Material and methods
A cross-sectional design was conducted on Thai children aged 2 to 15 who were diagnosed with asthma and AR in a respiratory allergy clinic at the Medical Education Center. The Pediatric Sleep Questionnaire was used to determine the prevalence of habitual snoring. Patients with habitual snoring completed the OSA-18 quality of life questionnaire, which was divided into 5 subscales: sleep disturbance, physical symptoms, emotional distress, daytime function, and caregiver concerns. Symptom control for asthma and AR was evaluated according to the Global Initiative for Asthma (GINA) guidelines and the Visual Analog Scales (VAS), respectively. Multivariable logistic regression models and adjusted odds ratios were used to assess associations.
Results
A total of 565 participants were enrolled, and 363 (64.2%) were male. Habitual snoring had the highest prevalence of sleep-disordered breathing in 29.6% of patients with respiratory allergies. Patients with poorly controlled symptoms had a significantly higher risk of habitual snoring than well controlled symptoms for AR (52.0% vs 19.1%, adjusted Odds Ratio: aOR 4.39, 95%CI 2.25–8.58, p < 0.001) and for asthma concomitant with AR (54.9% vs. 18.8%, aOR 5.18, 95%CI 2.52–10.68, p < 0.001).

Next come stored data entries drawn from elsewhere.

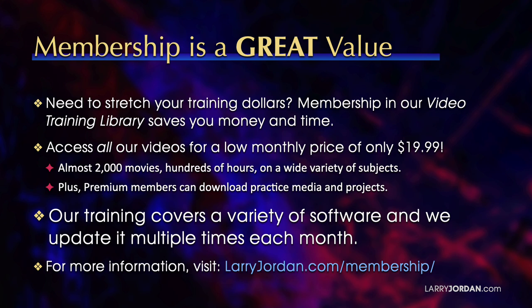That's almost 2,000 movies, hundreds of hours, on a wide variety of subjects. Plus, premium members can download practice media and projects. Our training covers Apple and Adobe software, and we update it multiple times each month. For more information, visit larryjordan.com/membership. Thanks.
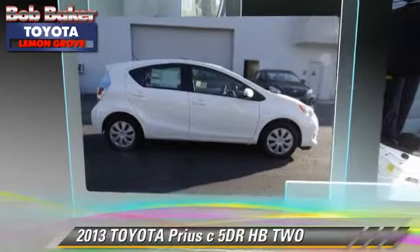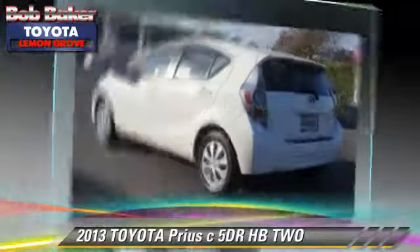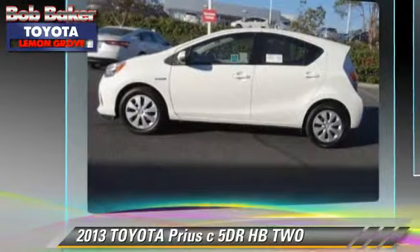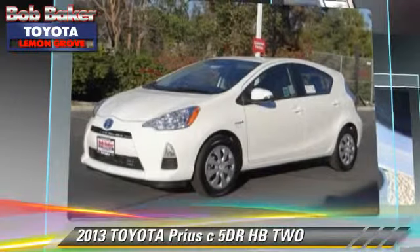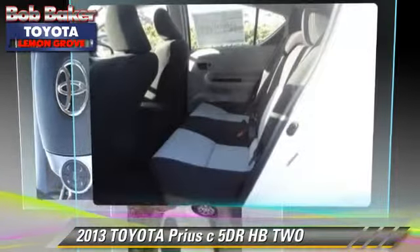The 2013 Toyota Prius. With an automatic transmission, this vehicle is well-equipped. This Toyota features powered door locks, power windows, and air conditioning. Safety features include side airbags,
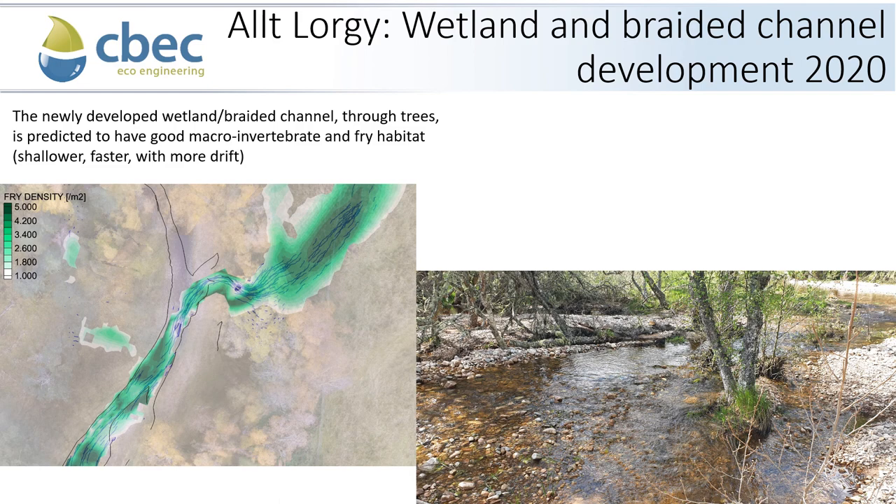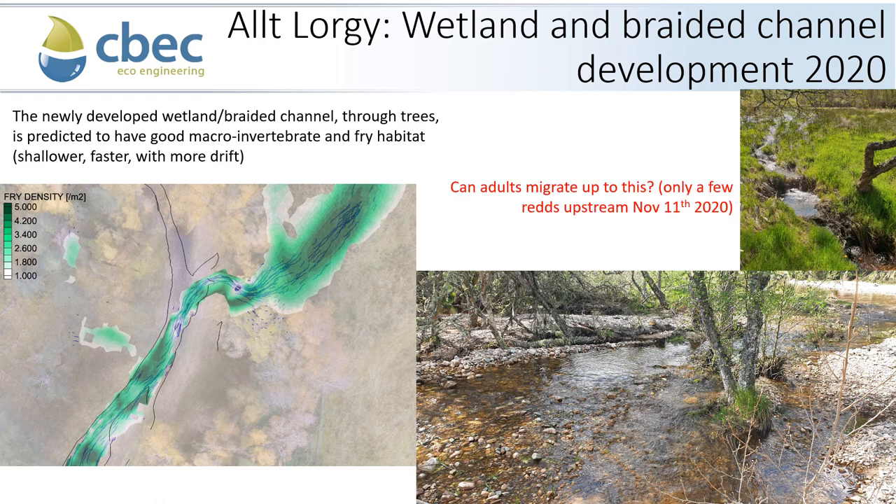For the Alt-Largee, when we apply our statistical fry model and drift model to the newly evolved wetland channel, we see that — contrary to the Nairn wetlands — this wetland shows quite good fry habitat, as the velocities are significantly faster than in the larger Nairn wetland areas. The channel also passes through some dead wood, providing a good source of invertebrates and a wide range of gravels for fry to utilise. Our main concern with this newly evolved wetland on the Alt-Largee is whether adult salmon can migrate up to it, as the channel has created a headcut that might require some design intervention rather than letting nature take its course over several years.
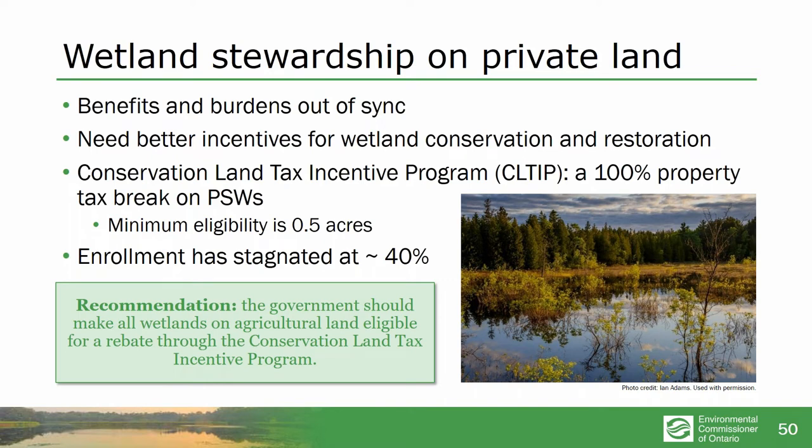Another part of the issue is wetland stewardship on private land. A lot of private property owners have wetlands, but the benefits and burdens are out of sync. Everyone in the area benefits if a wetland is preserved — somewhere to hold the water so they don't flood — but all the costs fall on the property owner. When there's this complete disproportion between costs and benefits, it's no surprise that property owners decide to drain or plow their wetlands, especially if the province will help pay for draining the wetland, which it does. We need better incentives and better provincial policy.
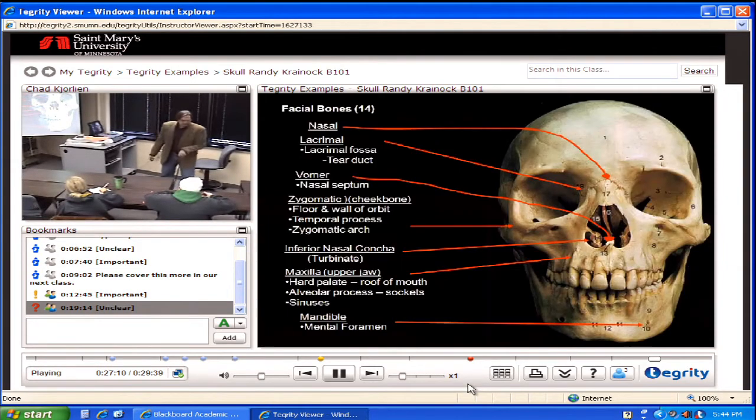All right, facial bones. So these are basically the bones that make up the facial portion, except for the frontal bone here. Everything else up front here is considered a facial bone.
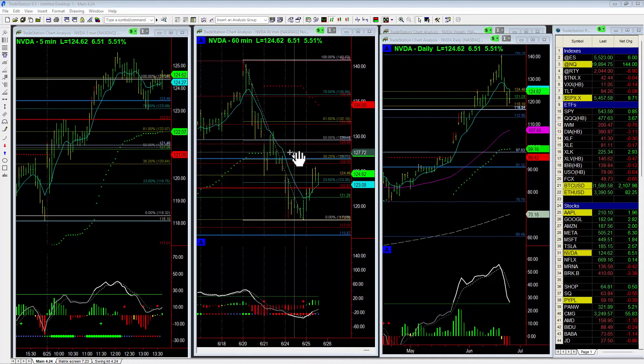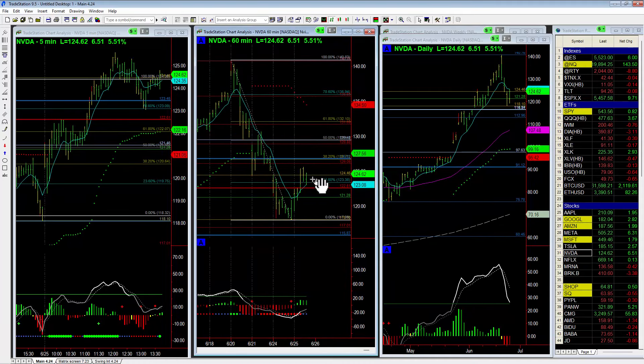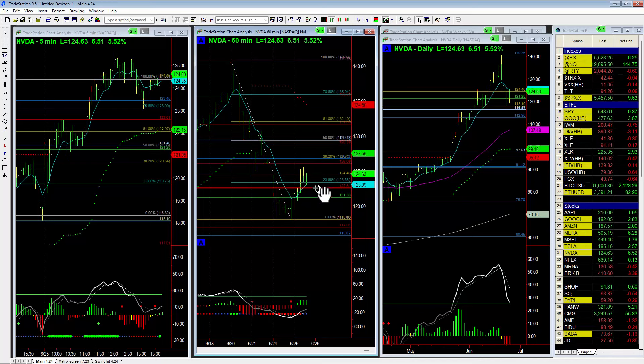Now this could be two things: tomorrow the market could just open and run higher, touch 130, maybe even 132. Or it could pull back to maybe the 120 area, put in a double bottom or a cup and handle type pattern, and then make it back up to 130.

Habitual snorers with poorly controlled asthma negatively affected their quality of life more than those with well controlled asthma (37.7% vs 13.3%, p = 0.005), as did patients with underlying AR (46.2% vs 22.9%, p = 0.002). In comparison to habitual snorers with well controlled symptoms, those with poorly controlled symptoms for respiratory allergies had higher mean the OSA-18 scores across all subscales.
Conclusion
Nearly one-third of children with respiratory allergies develop habitual snoring. Poorly controlled symptoms of asthma and allergic rhinitis raise the possibility of developing habitual snoring. Their quality of life and caregivers were shown to be affected just as negatively as those with obstructive sleep apnea (OSA) syndrome.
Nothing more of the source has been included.